La sécheresse, facteur aggravant de la pollution de l’eau par les nitrates

Dans le massif karstique du Jura, les pics de nitrates relevés dans les rivières à l’automne sont corrélés à l’intensité des sécheresses. C’est ce que pointe une étude du BRGM, qui rappelle que les sols karstiques couvrent un tiers du territoire hexagonal.

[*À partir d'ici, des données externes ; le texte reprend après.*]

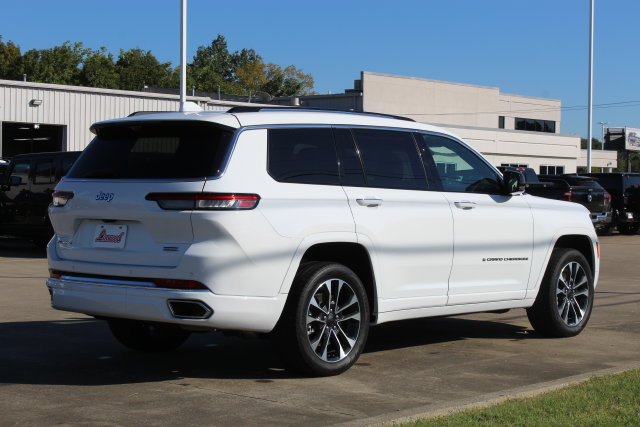 Used 2021 Jeep Grand Cherokee L Overland w/ Luxury Tech Group IV AWD/4WD image 5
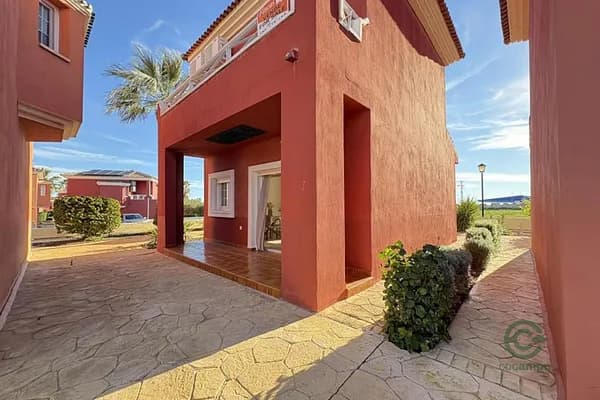 Casa de 0,01 ha en venta en Murcia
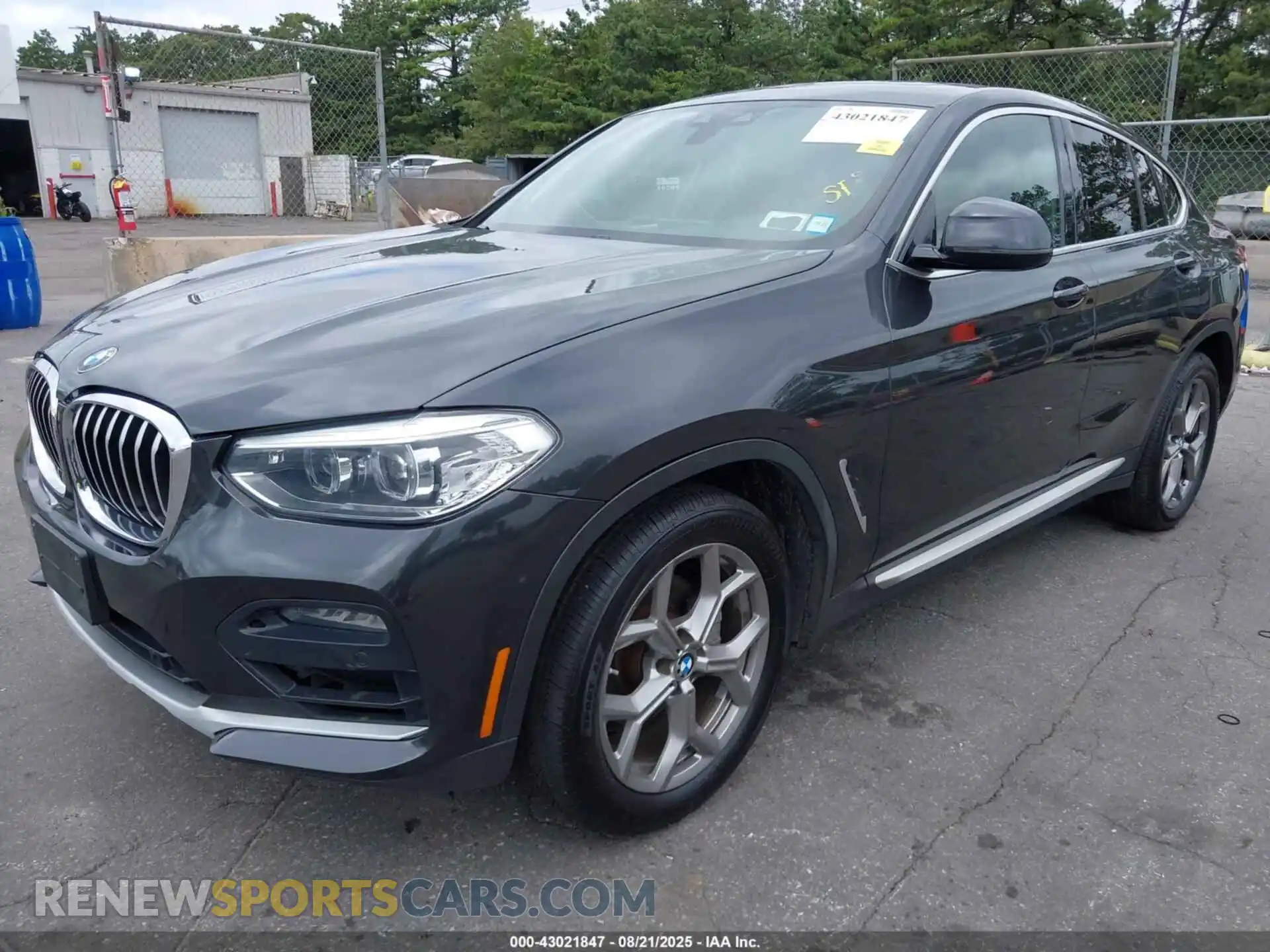 2 fotografías del automóvil dañado 5UX2V1C04M9F84322 BMW X4 2021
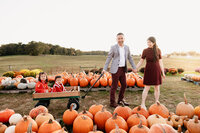 family mini engagement couple wedding christmas spring fall sessions maternity photographer wedding photography stuarts draft waynesboro charlottesville staunton48
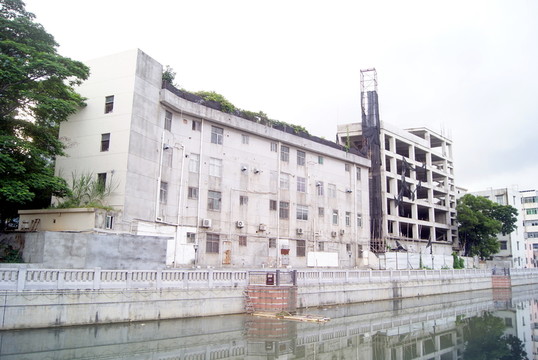 深圳西鄉(xiāng)河岸建筑風(fēng)光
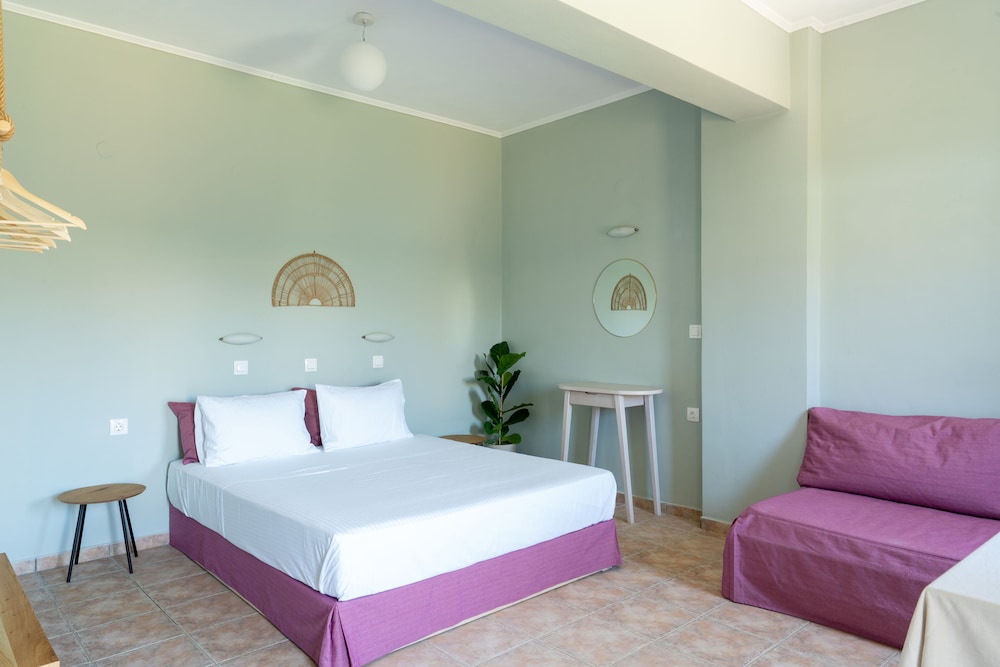 Romantic Studio, Garden View - Photo 8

Le paradoxe jurassien : c’est en ces termes que l’étude du Bureau de recherches géologiques et minières (BRGM) évoque les résultats d’une étude portant sur la pollution des eaux par les nitrates. Le paradoxe en question est le suivant : alors que le territoire est marqué par la prééminence de pratiques extensives (80 % de prairies permanentes, 10 % de prairies temporaires 10 % de cultures de plein champ) et que les rejets agricoles sont orientés à la baisse depuis plusieurs décennies, sous l’effet conjugué des mises aux normes, des plans d’épandage, de la baisse du cheptel et des apports d’engrais minéraux, les rivières comtoises du massif du Jura (Ain, Bienne, Dessoubre, Doubs, Loue) connaissent depuis plusieurs décennies une dégradation chronique de la qualité de leurs eaux.

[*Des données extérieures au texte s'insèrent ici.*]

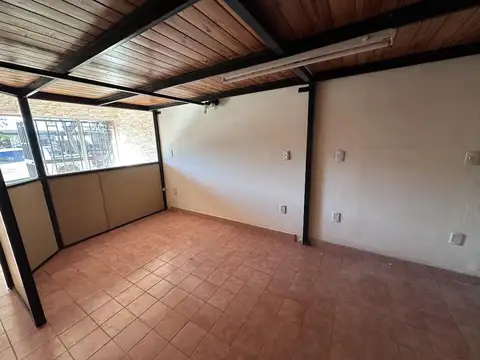 Local en Venta en Capitan Bermudez, USD 30.000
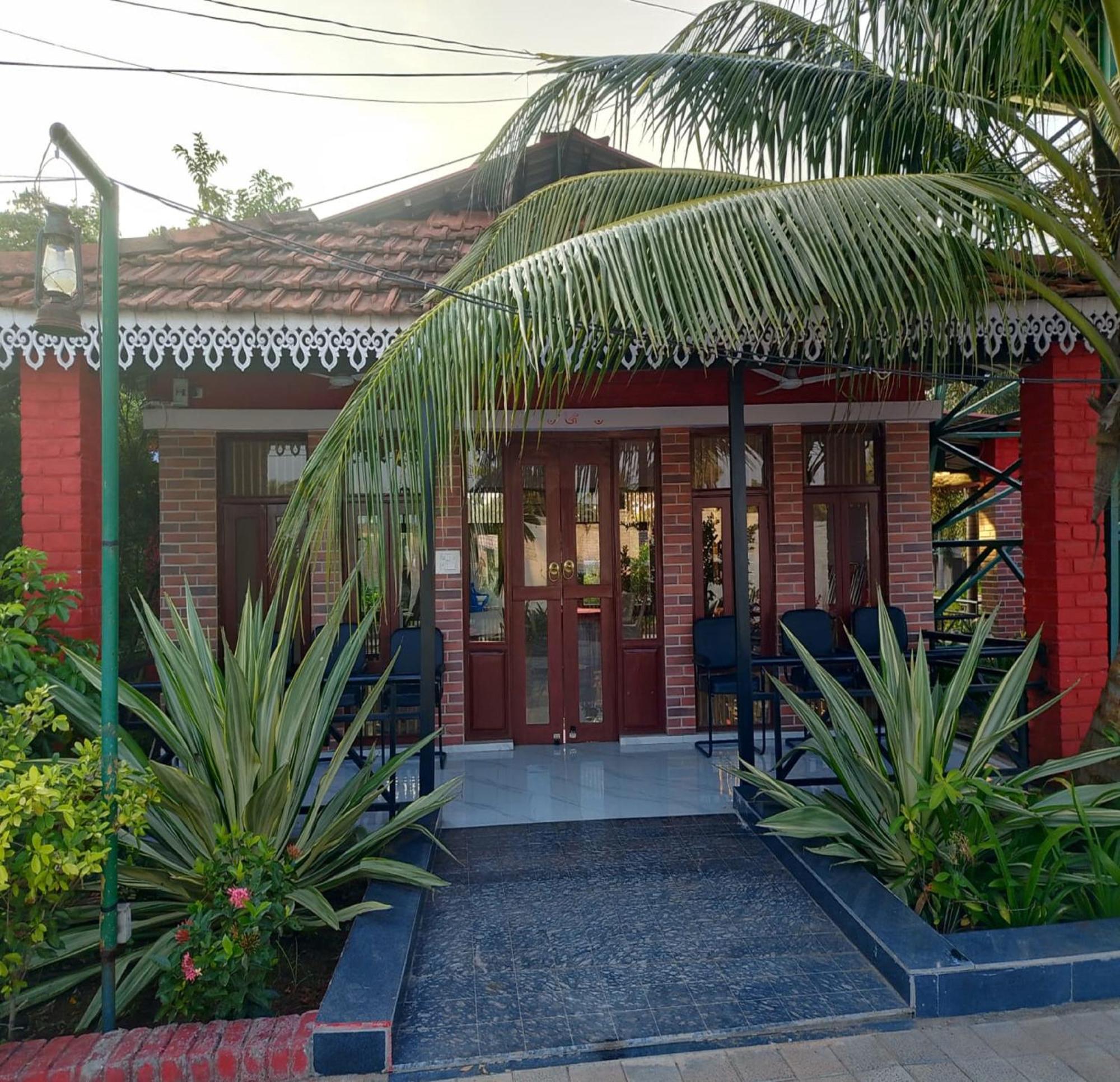 Green Point - Hotels And Resorts In Angul Ngoại thất bức ảnh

Des pics de nitrates corrélés aux épisodes de sécheresse

Le BRGM a établi entre le contexte géologique du massif du Jura, constitué de sols peu profonds développés sur des roches calcaires, les phénomènes de sécheresse et les pics de nitrates dans les rivières. Les bassins des rivières karstiques comtoises ont la double particularité d’être alimentés principalement par des eaux souterraines qui détiennent peu de pouvoir de rétention des polluants (que ce soit pour l’azote ou d’autres types de contaminants), et de posséder dans de nombreux cas de faibles réserves en eau.

Durant la période sèche, les sources et les rivières sont alimentées par des eaux issues des réserves les plus anciennes des aquifères enrichis par la recharge des nappes des années précédentes. Au retour des pluies automnales, l’eau infiltrée dans les fissures se retrouve en quelques heures transportée dans des réseaux souterrains et des cavités jusqu’aux sources qui alimentent les rivières. Et c’est alors que des pics de nitrates sont relevés dans les cours d’eau. Le modèle d’exportation des nitrates développé par le BRGM établit une corrélation entre les concentrations en nitrates et les épisodes de sécheresse.

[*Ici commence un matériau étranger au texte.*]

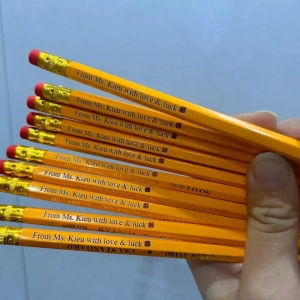 Bút Chì Gỗ 2B Khắc Tên 1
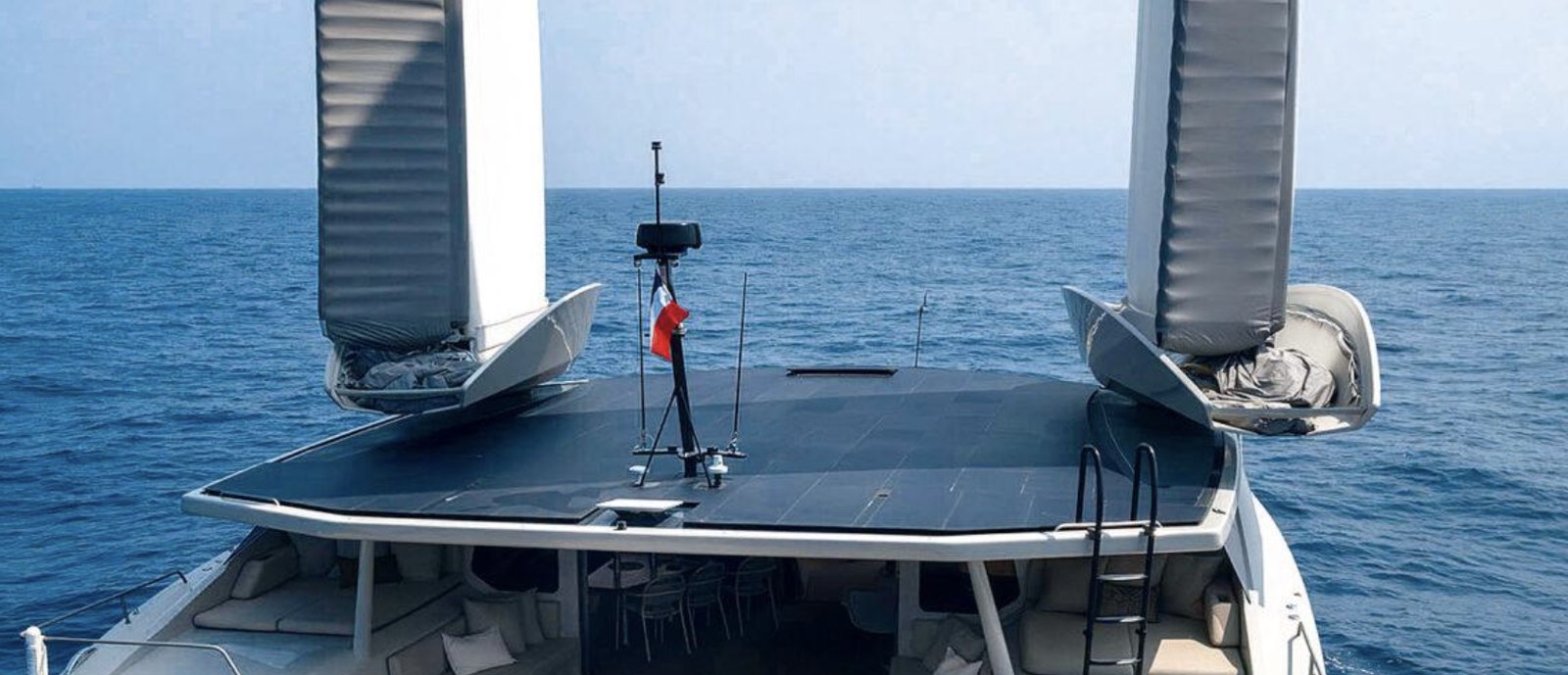 Coperta superiore del MODX 70 rivestita di pannelli solari con le ali sgonfiate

Un tiers du territoire français couvert par les karsts

Les sols karstiques ne sont pas l’apanage du Jura. Selon le BRGM, plus d’un tiers de la France hexagonale est couverte par les karsts (Normandie, bassin Parisien, Jura, Causses du Sud-Ouest et du sud de la France, massifs des Préalpes et de Provence, etc.). De grandes villes françaises (Paris, Montpellier, Orléans, Besançon…) dépendent de cette ressource pour leur alimentation en eau potable. « Lors de la dernière décennie, 7 des 10 années les plus chaudes ont été enregistrées en France, amplifiant le risque de sécheresse. Dans ce contexte préoccupant, nous devons alors redoubler d’efforts pour diminuer la pression polluante en nutriments si l’on souhaite retrouver un bon état écologique pour les territoires les plus sensibles comme les bassins karstiques », conclut le BRGM.